→ ABOUT THIS TASK:
Among the entries below, only the lines from the one with "a view of a backyard with sitting area" through the one with "Open concept living" are wanted, reproduced exactly. Pictures are not wanted.

Top of ENTRIES SUPPLIED

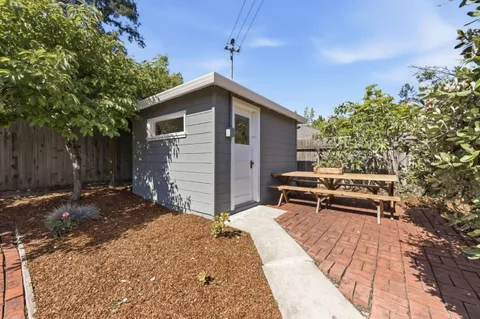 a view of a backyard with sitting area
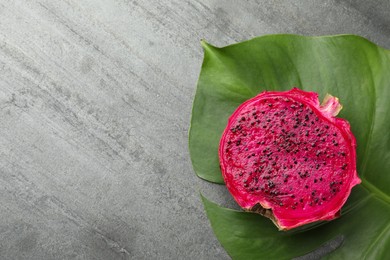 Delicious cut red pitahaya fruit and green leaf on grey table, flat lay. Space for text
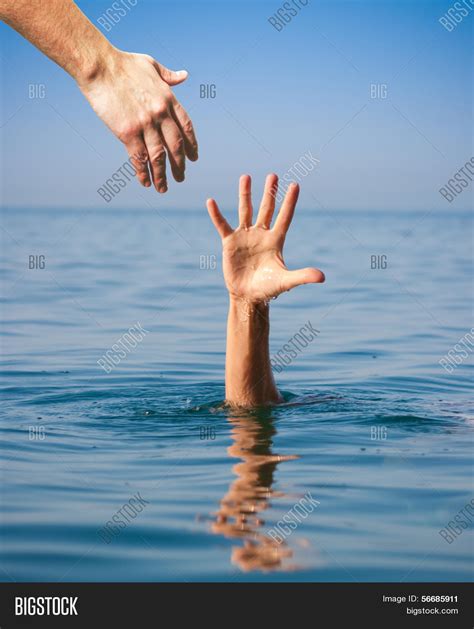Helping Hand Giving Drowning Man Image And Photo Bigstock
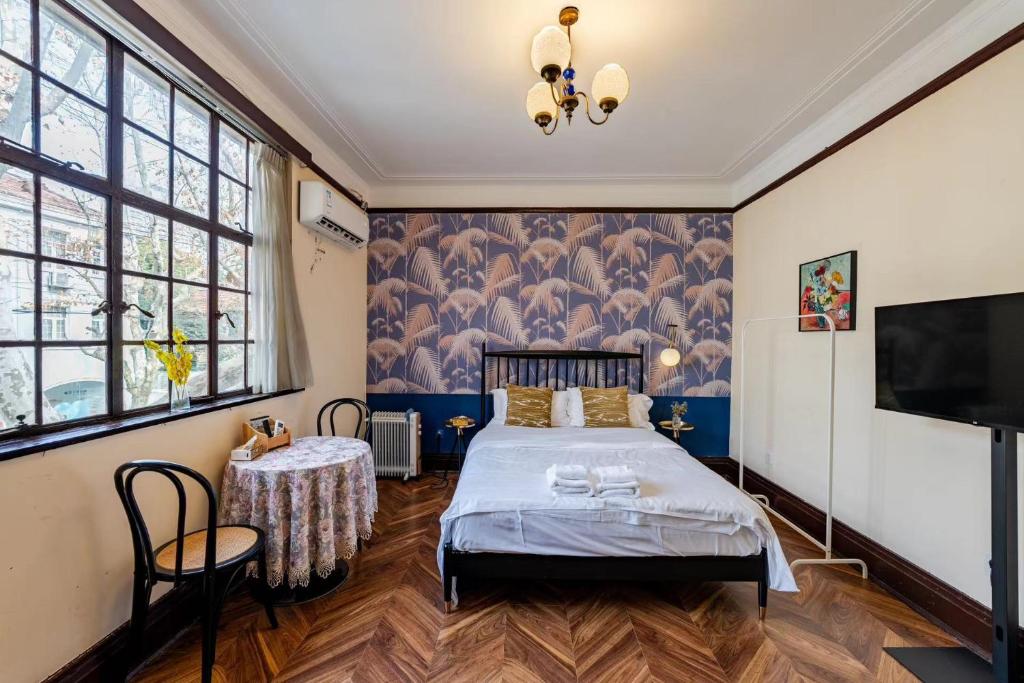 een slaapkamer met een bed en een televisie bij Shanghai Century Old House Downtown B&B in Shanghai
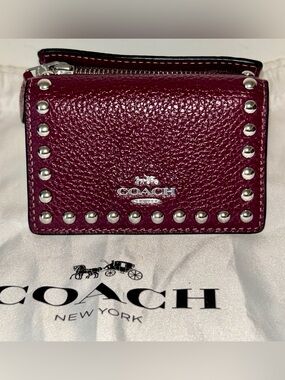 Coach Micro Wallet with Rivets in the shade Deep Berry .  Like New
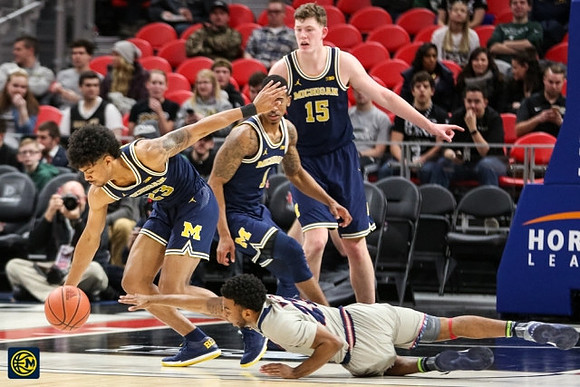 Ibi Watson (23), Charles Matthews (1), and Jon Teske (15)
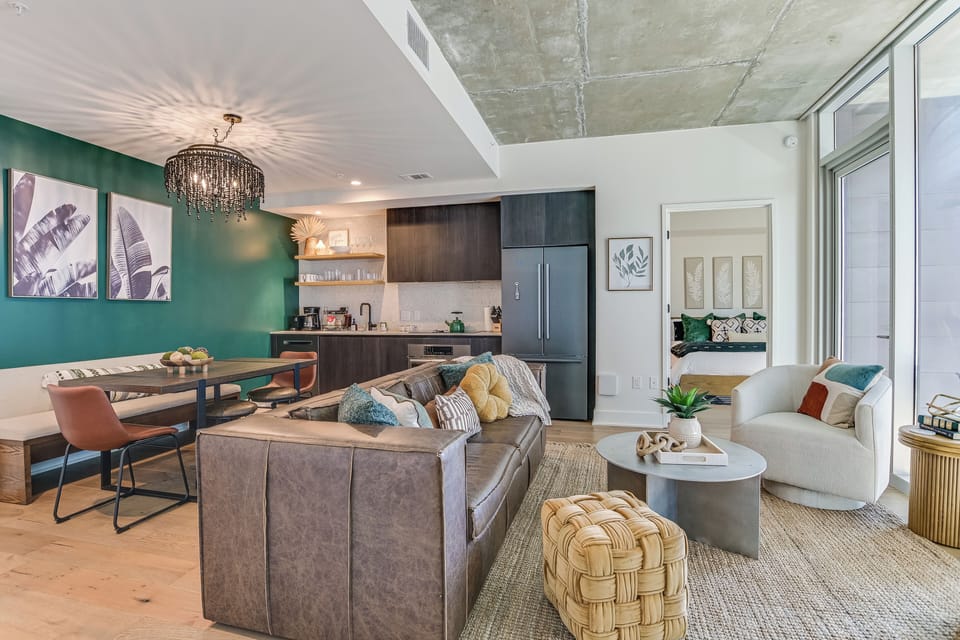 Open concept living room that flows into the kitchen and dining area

Bottom of ENTRIES SUPPLIED
Top of ENTRIES SUPPLIED

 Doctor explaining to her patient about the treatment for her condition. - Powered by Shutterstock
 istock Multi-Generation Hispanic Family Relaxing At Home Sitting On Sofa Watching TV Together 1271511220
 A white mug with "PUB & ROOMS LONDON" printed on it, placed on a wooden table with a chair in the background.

Bottom of ENTRIES SUPPLIED

→ EXPECTED ANSWER:
 a view of a backyard with sitting area
 Delicious cut red pitahaya fruit and green leaf on grey table, flat lay. Space for text
Helping Hand Giving Drowning Man Image And Photo Bigstock
 een slaapkamer met een bed en een televisie bij Shanghai Century Old House Downtown B&B in Shanghai
 Coach Micro Wallet with Rivets in the shade Deep Berry .  Like New
 Ibi Watson (23), Charles Matthews (1), and Jon Teske (15)
 Open concept living room that flows into the kitchen and dining area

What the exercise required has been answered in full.